Organized & Sponsored by KICT, IIUM, JAKIM & National Library

Mosque library played a very significant role in the development of Islamic civilization, especially during the era of Bani Umayyah and Abbassiyah dynasties (7th-12th AD). During the period, mosque institution not only played the role as a place for worship, but equally important as a place to meet the thirst for knowledge among the believers. Most of the Jami’ mosques have a reasonably good library. In fact, almost all universities developed from mosque library, including Azhar University,  Cairo.

The community supports the mosque library readily with financial and book donations.  The contribution to the development of mosque library was not a burden, but rather a contribution to get the blessing of Allah. They consciously practice the teachings of Muhammad S.A.W. about the importance of knowledge, and that when a person dies, he leaves everything behind except 3  things:  amal jariah, children who prays for him and beneficial ilm.   

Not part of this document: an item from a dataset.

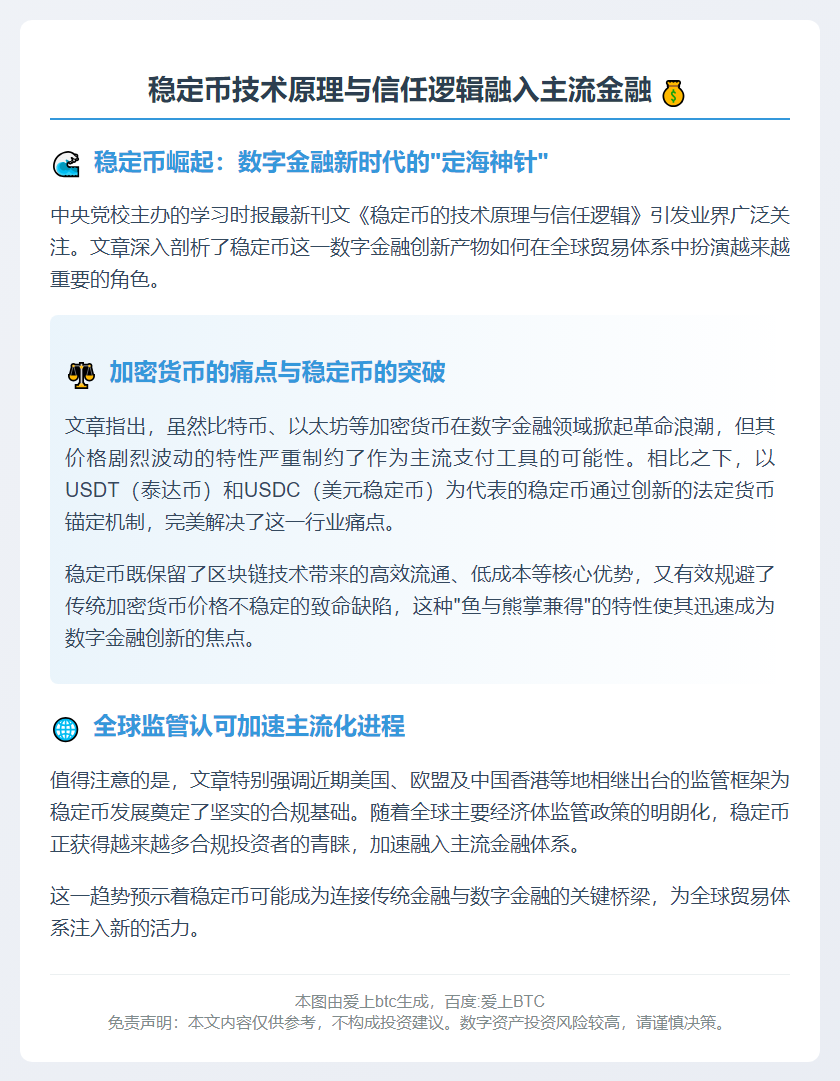 稳定币技术原理与信任逻辑融入主流金融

Malaysia should be a model for Muslim countries relating to mosque library development and infrastructure. According to the latest statistics, there are more than 5000 Jami’ mosques in the country. Unfortunately, only 64 of them has library, and the majority of them in the form of reading room only, rather than a proper library (Balqis Suja’, Islamic Librarianship and Malaysian Islamic Libraries, 2012). Such a sorry state of mosque library should not happen in a country like Malaysia which aspires to play an exemplary role for the Muslim World.

International Islamic University Malaysia (IIUM) has the Department of Library and Information Science (DLIS) since 1992. As a leading Islamic university at international level, IIUM with the support of DLIS should take a leading role in promoting education and knowledge to the ummah by reviving the development of mosque library in the Muslim world  in general and in Malaysia in particular.

Mosque library has never been the focus of development in Malaysia.  Whatever mosque libraries available were mainly the results of initiatives by the mosque committees, perhaps with general encouragement of state Islamic authorities. There were no specific guidelines as to the types of books and other reading materials to be purchased, the equipment and facilities that should be available, the computerized library system that should be used, the types of services that should be offered, staffing requirement, etc.

Above all, there is no authority that could provide leadership and guidance to them. The National Library of Malaysia is too much stretched with varied responsibilities that it is not willing to take additional responsibilities any more. In fact, so far, there has never been any seminar or conference particularly relating to mosque library planning and development in Malaysia. Such a state of affairs should not continue any longer in an advanced Muslim country like Malaysia.